InitClust {otrimle}R Documentation

Robust Initialization for Model-based Clustering Methods

Description

Computes the initial cluster assignment based on a combination of nearest neighbor based noise detection, and agglomerative hierarchical clustering based on maximum likelihood criteria for Gaussian mixture models.

Usage

 InitClust(data , G , k = 3 , knnd.trim = 0.5 , modelName='VVV')
 

Arguments

data

A numeric vector, matrix, or data frame of observations. Rows correspond to observations and columns correspond to variables. Categorical variables and NA values are not allowed.

G

An integer specifying the number of clusters.

k

An integer specifying the number of considered nearest neighbors per point used for the denoising step (see Details).

knnd.trim

A number in [0,1) which defines the proportion of points initialized as noise. Tipically knnd.trim<=0.5 (see Details).

modelName

A character string indicating the covariance model to be used.

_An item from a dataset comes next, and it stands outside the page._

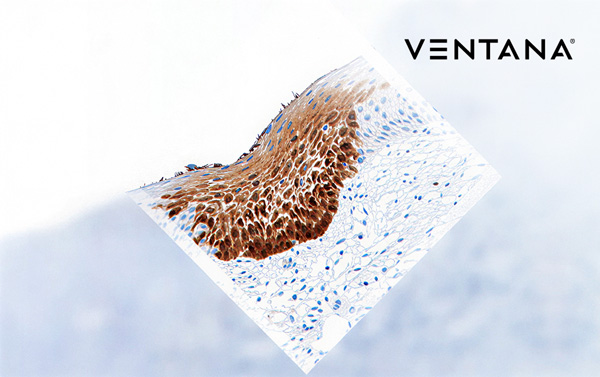 Test CINtec® Histology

Possible models are:
"E": equal variance (one-dimensional)
"V" : spherical, variable variance (one-dimensional)
"EII": spherical, equal volume
"VII": spherical, unequal volume
"EEE": ellipsoidal, equal volume, shape, and orientation
"VVV": ellipsoidal, varying volume, shape, and orientation (default).
See Details.

Details

The initialization is based on Coretto and Hennig (2017). First, wwo steps are performed:

Step 1 (denoising step): for each data point compute its kth-nearest neighbors distance (k-NND). All points with k-NND larger than the (1-knnd.trim)-quantile of the k-NND are initialized as noise. Intepretaion of k is that: (k-1), but not k, points close together may still be interpreted as noise or outliers

Step 2 (clustering step): perform the model-based hierarchical clustering (MBHC) proposed in Fraley (1998). This step is performed using hc. The input argument modelName is passed to hc. See Details of hc for more details.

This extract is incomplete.